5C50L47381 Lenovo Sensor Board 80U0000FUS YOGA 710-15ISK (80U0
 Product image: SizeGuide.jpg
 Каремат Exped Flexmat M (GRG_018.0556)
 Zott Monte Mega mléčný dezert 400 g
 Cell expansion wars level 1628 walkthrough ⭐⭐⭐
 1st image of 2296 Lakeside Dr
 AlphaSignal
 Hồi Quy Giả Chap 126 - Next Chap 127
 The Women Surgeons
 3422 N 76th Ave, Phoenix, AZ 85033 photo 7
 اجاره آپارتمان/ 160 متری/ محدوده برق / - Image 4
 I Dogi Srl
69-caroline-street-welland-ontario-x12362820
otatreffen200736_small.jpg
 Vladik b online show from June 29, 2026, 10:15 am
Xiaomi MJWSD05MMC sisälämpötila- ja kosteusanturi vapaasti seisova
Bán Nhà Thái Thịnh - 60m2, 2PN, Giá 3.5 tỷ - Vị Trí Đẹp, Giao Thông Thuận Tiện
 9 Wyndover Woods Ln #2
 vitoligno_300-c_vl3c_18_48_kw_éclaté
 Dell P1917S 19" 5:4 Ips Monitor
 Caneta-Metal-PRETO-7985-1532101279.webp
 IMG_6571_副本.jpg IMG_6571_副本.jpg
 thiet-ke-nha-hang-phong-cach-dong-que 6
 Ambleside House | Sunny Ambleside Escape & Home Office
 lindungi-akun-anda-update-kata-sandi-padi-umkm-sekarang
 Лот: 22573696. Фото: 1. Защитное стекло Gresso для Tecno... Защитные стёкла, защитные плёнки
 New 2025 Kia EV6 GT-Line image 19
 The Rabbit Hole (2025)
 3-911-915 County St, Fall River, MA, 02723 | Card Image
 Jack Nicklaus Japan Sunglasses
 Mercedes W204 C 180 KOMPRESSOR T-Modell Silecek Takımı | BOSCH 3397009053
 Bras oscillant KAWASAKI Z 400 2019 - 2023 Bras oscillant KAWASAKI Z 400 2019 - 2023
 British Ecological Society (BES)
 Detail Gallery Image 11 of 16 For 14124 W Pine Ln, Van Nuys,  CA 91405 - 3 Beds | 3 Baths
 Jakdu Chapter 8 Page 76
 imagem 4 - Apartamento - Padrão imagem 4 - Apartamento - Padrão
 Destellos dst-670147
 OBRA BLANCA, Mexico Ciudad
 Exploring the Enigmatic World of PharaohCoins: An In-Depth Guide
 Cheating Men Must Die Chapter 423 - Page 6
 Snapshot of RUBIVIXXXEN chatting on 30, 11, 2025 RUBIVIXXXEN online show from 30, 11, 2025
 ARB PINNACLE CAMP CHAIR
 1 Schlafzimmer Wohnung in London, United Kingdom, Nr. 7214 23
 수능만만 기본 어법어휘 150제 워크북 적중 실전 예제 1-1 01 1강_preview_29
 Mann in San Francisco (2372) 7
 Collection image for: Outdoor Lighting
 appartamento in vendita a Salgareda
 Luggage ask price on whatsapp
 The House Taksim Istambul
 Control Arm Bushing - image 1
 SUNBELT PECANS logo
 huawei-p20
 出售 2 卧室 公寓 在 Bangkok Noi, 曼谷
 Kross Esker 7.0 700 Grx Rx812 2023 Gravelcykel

TASK BRIEF ▸ Lines above that contain the string "from" make up the answer.

SOLVED EXERCISE ▸
 Vladik b online show from June 29, 2026, 10:15 am
 Snapshot of RUBIVIXXXEN chatting on 30, 11, 2025 RUBIVIXXXEN online show from 30, 11, 2025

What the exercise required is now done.